▶ _Work to be completed_
Only a verbatim restatement of the lines from the one with "Malatya'da zirai dondan" through the end of the listing below is wanted. Pictures should be left out.

▶ _Stored data_

=====

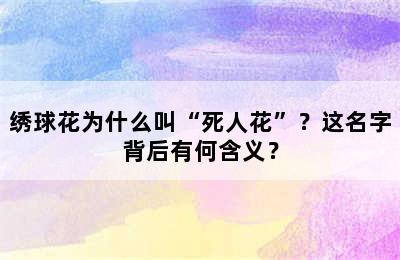 绣球花为什么叫“死人花”？这名字背后有何含义？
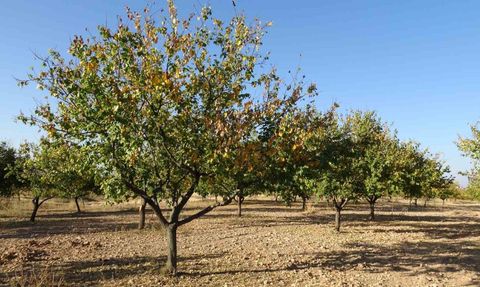 Malatya'da zirai dondan etkilenen kayısı bahçeleri yeniden canlanıyor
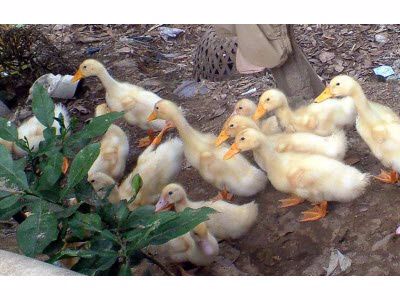 Cách gột vịt con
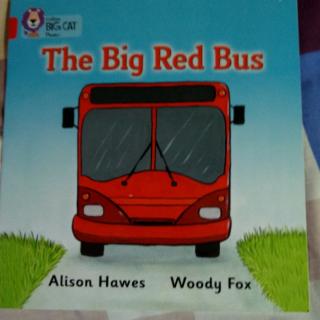 The Bⅰg Red Bus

=====

▶ _Result for this task_
 Malatya'da zirai dondan etkilenen kayısı bahçeleri yeniden canlanıyor
 Cách gột vịt con
 The Bⅰg Red Bus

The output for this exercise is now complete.